1

How do I replace the cell values in a column if they contain a number in general or contain a specific thing like a comma, replace the whole cell value with something else.

Say for example a column that has a comma meaning it has more than one thing I want it to be replaced by text like "ENM".

For a column that has a cell with a number value, I want to replace it by 'UNM'

Brooney
  • 11
  • 1
  • 4

2 Answers2

0

As you have not provided examples of what your expected and current output look like, I'm making some assumptions below. What it seems like you're trying to do is iterate through every value in a column and if the value meets certain conditions, change it to something else.

Just a general pointer. Iterating through dataframes requires some important considerations for larger sizes. Read through this answer for more insight.

Start by defining a function you want to use to check the value:

def has_comma(value):
    if ',' in value:
        return True
    return False

Then use the pandas.DataFrame.replace method to make the change.

for i in df['column_name']:
    if has_comma(i):
        df['column_name'] = df['column_name'].replace([i], 'ENM')
    else:
        df['column_name'] = df['column_name'].replace([i], 'UNM')
codingray
  • 106
  • 7
  • the output result is "TypeError" argument of type 'float' is not iterable – Brooney Mar 18 '22 at 04:03
  • @Brooney That's strange. A column should not be seen as a float, even if it contains floats.
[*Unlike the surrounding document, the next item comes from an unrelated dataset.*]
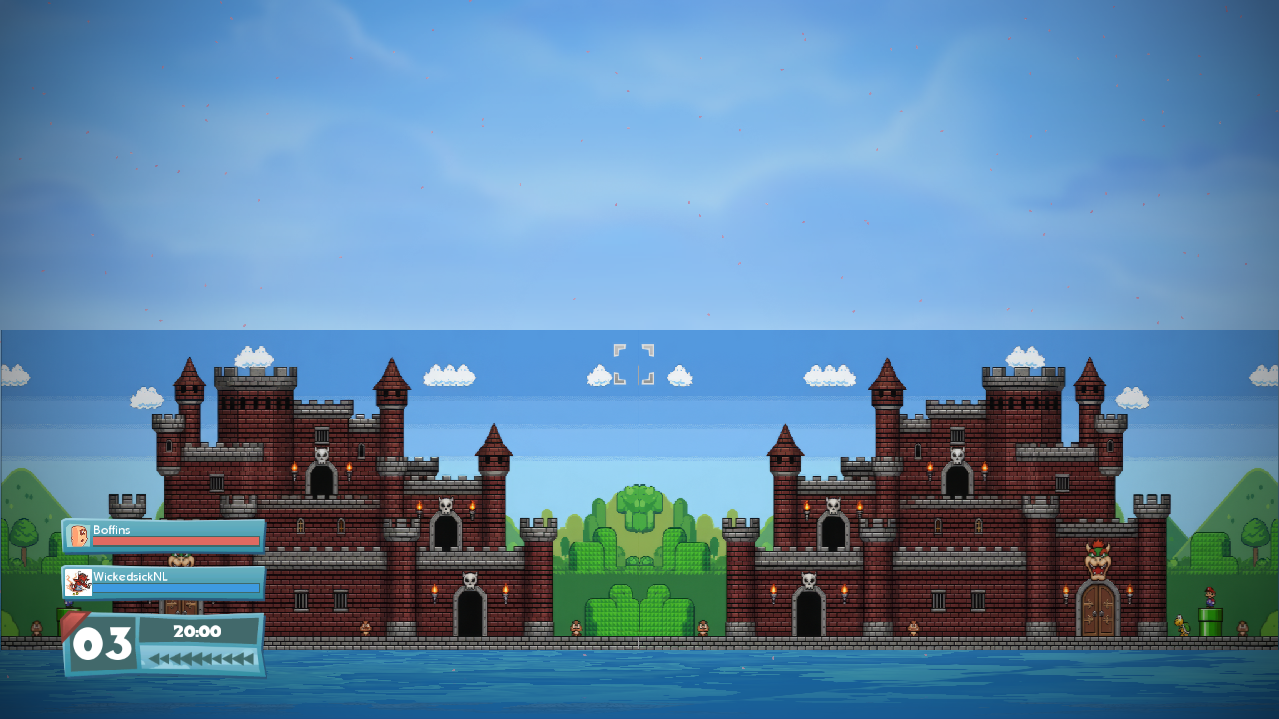 SMB-Building2-fort-modus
Could you point out which line this error is pointing to and if you're in fact using the column syntax, not a specific value? – codingray Mar 19 '22 at 04:15
  • I am trying to iterate through each cell in the column and change the whole cell if a substring occurs in the cell – Brooney Mar 20 '22 at 05:10
0

Say you have a column, i.e. pandas Series called col

The following code can be used to map values with comma to "ENM" as per your example

col.mask(col.str.contains(','), "ENM")

You can overwrite your original column with this result if that's what you want to do. This approach will be much faster than looping through each element.

For mapping floats to "UNM" as per your example the following would work

col.mask(col.apply(isinstance, args=(float,)), "UNM")

Hopefully you get the idea. See https://pandas.pydata.org/docs/reference/api/pandas.Series.mask.html for more info on masking

Riley
  • 2,153
  • 1
  • 6
  • 16